Robert Earnshaw enjoyed a career that saw him win only one major honour.
Despite playing in the Premier League for the likes of West Bromwich Albion and Cardiff City, the Wales international was successful in his quest for silverware in a country you may not have quite remembered.
Citing a desire to work under the club’s then-sporting director, Jordi Cryuff, Earnshaw’s move was based on the assumption he would become a better player upon his return. But with a country at war to contend with, his story is one of a quite remarkable nature.
‘Missiles were being shot from the Gaza Strip into Tel Aviv’
“I always wanted to play abroad at some point, to experience different ideas,” Earnshaw explained speaking to FourFourTwo about his time in Israel which came during the 2012-13 season. “I got a call out of the blue from Jordi Cruyff, the director of football. He said he would take care of me and he was terrific.
“Their transfer window was closing, so I had to make a quick decision. Oscar Garcia had come from the Barcelona academy to manage the side and assembled a group of Spanish coaching staff; football-wise, I learned more in the first two months there than I had over the past six years in the UK. It was a very different way of seeing the same game, and it worked.

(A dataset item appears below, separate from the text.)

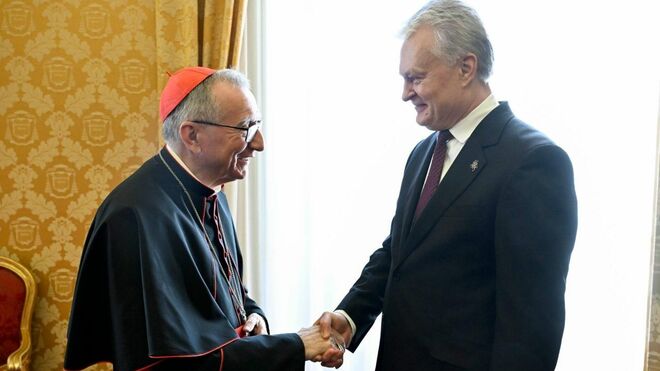 Cardenal Parolin con el presidente de Lituania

Earnshaw’s spell in Tel Aviv proved fruitiful, with the club winning the Israeli top flight during his temporary spell in 2013. But winning silverware isn’t the main thing that sticks in his mind, as he explained when we asked about living in such a war-torn country.
“Tel Aviv is such a beautiful place, but the war with Palestine happened to escalate while I was there,” the former Wales international pointed out.
“A few months in, the sirens would start during training: for the first time in years, missiles were being shot from the Gaza Strip into Tel Aviv. We had to go to the side of the building and take cover.
“That carried on happening for weeks and weeks. I went to play football – I never knew I’d end up in the middle of a war that I wasn’t part of. I had tons of wonderful experiences and met some good people, but it was a crazy situation.”
Earnshaw returned to Cardiff that summer and was deemed surplus to requirements by then manager Malky Mackay. He moved to Canada a few months later, linking up with MLS outfit Toronto FC.
He ended his career in 2015 after further spells with Vancouver Whitecaps and Chicago Fire, but his spell in West Asia is no doubt unforgettable for him.